When appraisers are tasked with valuing equipment in industries which are continuously evolving due to events such as technology improvement, law and regulation revisions, or new government initiatives, how do they adapt to the likelihood there will be limited market data and comparable resale information available to consider.
Some of these ever-growing markets include biotech, cannabis, solar energy, and electric-powered vehicles. There are businesses popping up all the time in support of these industries that need capital to withstand the early stages of growth and become successful. The assets of these companies will be limited to the property and equipment being acquired to operate, with many types of machinery having little to no resale history to research and estimate value for.

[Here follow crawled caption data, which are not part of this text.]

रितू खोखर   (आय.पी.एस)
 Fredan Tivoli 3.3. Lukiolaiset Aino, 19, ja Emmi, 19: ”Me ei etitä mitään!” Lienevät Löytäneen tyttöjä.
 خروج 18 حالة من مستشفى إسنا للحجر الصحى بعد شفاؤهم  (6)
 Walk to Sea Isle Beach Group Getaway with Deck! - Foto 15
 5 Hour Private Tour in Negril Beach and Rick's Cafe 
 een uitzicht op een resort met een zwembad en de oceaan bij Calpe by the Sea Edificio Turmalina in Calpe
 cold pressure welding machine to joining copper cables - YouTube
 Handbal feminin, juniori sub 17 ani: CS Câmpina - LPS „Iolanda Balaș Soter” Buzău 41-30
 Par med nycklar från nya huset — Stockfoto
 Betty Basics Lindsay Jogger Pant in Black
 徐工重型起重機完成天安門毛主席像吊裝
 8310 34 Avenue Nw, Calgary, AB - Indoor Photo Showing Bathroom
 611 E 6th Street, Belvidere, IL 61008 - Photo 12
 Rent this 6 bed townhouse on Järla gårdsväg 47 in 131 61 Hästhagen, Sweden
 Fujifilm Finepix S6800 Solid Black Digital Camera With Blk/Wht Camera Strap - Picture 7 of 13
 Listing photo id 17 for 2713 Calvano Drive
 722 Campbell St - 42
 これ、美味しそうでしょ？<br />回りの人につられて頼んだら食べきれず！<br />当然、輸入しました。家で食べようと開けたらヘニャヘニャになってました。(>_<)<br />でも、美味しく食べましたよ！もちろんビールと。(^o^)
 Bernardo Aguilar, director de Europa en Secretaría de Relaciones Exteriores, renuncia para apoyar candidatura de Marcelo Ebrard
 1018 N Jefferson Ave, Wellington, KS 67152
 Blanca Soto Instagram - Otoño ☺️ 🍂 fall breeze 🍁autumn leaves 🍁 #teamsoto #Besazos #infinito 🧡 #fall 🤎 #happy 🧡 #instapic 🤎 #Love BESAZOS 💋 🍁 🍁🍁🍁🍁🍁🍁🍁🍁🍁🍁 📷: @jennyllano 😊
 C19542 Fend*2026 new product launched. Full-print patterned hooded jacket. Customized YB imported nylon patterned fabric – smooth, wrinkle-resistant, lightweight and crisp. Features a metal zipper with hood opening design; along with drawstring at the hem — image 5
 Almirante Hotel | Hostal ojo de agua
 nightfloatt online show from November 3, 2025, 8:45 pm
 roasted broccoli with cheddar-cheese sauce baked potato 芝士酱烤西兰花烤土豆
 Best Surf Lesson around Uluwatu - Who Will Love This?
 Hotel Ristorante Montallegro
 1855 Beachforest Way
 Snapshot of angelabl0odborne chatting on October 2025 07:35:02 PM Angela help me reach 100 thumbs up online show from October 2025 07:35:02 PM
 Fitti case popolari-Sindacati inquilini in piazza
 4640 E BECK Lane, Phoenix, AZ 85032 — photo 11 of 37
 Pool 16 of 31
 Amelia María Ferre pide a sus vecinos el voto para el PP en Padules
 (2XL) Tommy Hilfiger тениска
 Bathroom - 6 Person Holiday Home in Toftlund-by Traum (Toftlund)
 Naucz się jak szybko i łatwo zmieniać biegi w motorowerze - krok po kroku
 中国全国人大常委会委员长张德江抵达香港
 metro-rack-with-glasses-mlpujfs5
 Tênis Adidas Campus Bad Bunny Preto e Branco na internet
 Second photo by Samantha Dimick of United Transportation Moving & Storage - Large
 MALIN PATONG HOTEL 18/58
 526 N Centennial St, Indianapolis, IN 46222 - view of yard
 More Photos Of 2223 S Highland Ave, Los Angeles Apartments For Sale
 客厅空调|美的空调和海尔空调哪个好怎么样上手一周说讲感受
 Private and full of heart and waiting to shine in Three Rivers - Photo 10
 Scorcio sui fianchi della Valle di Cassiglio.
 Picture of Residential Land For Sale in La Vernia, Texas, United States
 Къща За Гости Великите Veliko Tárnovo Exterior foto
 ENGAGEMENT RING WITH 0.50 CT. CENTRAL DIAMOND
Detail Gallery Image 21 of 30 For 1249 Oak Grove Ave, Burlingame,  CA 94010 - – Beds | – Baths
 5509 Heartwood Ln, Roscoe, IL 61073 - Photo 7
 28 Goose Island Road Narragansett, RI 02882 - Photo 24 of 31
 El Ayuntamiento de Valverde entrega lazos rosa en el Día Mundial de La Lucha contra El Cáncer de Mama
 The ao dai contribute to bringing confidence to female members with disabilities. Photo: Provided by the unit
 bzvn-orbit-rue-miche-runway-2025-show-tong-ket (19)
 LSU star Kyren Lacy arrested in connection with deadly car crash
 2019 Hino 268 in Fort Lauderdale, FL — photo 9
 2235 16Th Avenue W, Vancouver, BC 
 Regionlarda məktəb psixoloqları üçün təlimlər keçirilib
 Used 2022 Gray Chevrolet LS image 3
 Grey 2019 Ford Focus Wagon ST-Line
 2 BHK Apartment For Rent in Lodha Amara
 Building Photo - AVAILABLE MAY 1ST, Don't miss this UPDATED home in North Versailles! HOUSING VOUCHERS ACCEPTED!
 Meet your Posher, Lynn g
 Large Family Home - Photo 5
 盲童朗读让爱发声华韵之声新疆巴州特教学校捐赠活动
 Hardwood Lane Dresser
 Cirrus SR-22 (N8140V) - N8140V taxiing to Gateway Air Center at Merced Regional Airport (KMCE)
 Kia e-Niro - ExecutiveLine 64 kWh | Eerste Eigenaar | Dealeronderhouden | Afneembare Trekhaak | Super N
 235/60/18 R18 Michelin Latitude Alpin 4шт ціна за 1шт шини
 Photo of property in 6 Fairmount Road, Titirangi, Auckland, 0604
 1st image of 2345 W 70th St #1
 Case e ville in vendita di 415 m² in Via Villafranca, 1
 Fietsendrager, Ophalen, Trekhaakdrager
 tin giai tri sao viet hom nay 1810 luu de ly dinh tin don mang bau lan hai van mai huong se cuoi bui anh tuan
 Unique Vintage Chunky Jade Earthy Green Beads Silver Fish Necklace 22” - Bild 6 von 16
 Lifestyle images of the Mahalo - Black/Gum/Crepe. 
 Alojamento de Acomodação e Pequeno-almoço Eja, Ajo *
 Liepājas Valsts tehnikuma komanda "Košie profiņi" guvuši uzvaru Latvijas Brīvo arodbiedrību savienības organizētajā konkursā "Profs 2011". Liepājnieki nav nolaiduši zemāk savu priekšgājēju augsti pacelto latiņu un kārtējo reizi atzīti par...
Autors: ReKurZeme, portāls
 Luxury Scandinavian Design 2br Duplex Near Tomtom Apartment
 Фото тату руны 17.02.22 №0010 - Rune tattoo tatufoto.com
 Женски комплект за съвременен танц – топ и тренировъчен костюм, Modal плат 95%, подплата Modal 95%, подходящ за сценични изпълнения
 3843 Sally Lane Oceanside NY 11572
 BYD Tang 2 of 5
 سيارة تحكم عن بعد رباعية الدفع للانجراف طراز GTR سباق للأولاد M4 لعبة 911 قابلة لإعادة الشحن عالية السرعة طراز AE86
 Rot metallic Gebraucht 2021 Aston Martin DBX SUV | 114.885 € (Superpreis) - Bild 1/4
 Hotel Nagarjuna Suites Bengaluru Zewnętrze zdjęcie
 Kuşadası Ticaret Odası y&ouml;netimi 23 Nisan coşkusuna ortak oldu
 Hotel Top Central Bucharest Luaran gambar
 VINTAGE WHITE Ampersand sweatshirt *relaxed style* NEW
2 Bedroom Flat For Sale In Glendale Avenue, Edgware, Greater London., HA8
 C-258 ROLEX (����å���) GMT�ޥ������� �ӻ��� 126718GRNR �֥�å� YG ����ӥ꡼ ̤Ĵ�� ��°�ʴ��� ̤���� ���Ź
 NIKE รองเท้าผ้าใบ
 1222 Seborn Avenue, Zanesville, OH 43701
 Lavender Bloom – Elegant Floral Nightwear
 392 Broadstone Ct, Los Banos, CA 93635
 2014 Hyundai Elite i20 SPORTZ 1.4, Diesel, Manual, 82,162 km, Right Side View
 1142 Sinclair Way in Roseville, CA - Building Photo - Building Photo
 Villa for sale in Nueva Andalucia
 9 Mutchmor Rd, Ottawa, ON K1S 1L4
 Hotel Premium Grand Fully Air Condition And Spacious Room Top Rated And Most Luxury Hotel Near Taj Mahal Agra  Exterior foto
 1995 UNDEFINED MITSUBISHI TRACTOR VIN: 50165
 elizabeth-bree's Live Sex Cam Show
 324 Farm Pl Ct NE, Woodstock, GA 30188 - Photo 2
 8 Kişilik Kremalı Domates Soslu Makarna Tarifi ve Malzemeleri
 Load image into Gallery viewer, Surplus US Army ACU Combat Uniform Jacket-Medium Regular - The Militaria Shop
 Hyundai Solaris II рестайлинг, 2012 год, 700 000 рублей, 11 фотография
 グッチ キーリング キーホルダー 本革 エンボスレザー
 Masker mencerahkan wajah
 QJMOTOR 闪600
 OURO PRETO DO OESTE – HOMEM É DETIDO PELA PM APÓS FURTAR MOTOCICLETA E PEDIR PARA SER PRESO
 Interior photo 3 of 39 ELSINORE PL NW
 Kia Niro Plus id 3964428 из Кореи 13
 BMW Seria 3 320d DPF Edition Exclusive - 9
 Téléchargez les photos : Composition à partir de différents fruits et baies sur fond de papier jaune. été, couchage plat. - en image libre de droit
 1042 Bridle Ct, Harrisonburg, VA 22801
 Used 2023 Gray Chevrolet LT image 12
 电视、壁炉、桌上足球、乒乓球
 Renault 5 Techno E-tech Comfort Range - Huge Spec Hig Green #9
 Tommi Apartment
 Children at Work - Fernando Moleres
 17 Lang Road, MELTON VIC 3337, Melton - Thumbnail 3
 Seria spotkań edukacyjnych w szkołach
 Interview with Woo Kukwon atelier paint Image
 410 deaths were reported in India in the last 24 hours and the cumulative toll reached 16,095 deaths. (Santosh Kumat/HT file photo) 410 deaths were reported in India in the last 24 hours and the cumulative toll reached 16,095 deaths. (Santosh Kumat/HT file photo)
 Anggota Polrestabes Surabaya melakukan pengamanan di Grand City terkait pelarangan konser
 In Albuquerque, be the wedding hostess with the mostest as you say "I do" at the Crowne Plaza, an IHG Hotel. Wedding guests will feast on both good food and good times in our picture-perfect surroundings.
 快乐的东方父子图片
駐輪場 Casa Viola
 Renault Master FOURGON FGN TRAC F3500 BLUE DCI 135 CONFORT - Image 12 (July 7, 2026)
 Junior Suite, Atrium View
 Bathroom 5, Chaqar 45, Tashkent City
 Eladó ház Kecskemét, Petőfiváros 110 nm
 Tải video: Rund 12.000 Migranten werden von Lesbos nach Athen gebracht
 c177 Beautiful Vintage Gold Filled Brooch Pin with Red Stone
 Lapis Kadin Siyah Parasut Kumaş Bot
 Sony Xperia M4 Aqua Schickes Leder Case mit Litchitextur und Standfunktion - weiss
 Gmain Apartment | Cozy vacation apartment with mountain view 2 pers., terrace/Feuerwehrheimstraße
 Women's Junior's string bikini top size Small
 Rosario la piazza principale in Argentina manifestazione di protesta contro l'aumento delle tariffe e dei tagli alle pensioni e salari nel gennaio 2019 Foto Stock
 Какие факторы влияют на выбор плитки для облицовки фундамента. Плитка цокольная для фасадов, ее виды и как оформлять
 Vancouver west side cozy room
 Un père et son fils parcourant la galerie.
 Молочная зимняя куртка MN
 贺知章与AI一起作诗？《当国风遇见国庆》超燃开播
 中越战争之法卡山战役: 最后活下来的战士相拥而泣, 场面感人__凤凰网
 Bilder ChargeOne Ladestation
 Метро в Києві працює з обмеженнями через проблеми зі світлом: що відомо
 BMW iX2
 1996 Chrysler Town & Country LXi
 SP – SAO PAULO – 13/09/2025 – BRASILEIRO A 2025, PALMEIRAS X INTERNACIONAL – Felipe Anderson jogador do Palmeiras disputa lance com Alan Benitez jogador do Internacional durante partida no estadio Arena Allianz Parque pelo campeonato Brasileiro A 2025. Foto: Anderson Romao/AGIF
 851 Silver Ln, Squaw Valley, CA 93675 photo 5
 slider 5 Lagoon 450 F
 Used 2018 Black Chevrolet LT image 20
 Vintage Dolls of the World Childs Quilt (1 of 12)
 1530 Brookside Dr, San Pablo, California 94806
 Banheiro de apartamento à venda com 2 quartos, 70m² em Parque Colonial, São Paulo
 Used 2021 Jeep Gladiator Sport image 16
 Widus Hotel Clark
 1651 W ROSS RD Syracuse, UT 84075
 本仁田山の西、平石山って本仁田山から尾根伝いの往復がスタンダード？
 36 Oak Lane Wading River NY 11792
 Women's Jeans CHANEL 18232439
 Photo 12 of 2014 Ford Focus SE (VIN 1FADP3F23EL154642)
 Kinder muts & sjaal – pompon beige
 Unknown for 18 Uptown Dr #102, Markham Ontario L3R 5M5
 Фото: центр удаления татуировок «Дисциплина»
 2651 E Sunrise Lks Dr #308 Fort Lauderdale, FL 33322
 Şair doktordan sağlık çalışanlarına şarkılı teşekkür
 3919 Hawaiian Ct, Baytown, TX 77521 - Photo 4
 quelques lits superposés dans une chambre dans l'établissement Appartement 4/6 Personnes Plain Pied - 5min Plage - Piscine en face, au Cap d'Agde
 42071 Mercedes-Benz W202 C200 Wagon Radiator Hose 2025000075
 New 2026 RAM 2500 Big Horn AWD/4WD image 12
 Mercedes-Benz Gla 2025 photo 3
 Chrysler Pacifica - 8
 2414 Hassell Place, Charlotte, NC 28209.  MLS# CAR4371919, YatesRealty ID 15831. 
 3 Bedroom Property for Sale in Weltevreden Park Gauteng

The fact is that appraisers come across these types of challenges quite often, even with long-established businesses that operate customized equipment with similar limitations in the secondary marketplace. So how do they adjust their approach knowing that comparable sales data will be virtually non-existent for these types of machinery?
Fortunately, an experienced, accredited appraiser understands there are two primary methodologies that are established and supportable, especially when used in tandem, to complete a reliable and defendable equipment valuation. Once it is determined that comparable equipment resale data will not be a factor to consider, the appraiser will look to contact the manufacturers and vendors involved with the specific build, as well as similar types of equipment in the market.
The focus of the discussions should revolve around opinions of replacement cost new, useful life, and reasonable levels of market depreciation expected over this period. They can also gather general research on the equipment and overall marketplace available from relevant third-party websites with experience in the industry, to better understand the ability to resell the equipment in the future.
Another important component will be obtaining and reviewing the actual investment for the equipment, including the purchase price and costs associated with the installation. This can be found in documents such as purchase orders, quotes, invoices, and capital asset accounting records.
Once the research is completed in these areas, the appraiser can reasonably estimate value for these more unique and specialized assets, that have little to no resale history associated with them. The ability to still consider market sources under this type of approach will balance the investment cost information provided by the business, resulting in a reliable appraisal.
These emerging and expanding markets will eventually have a history that an appraiser can rely on going forward, however, the ability to adapt and utilize the resources available in these early stages, is critical to meet the current challenges appraisers face today.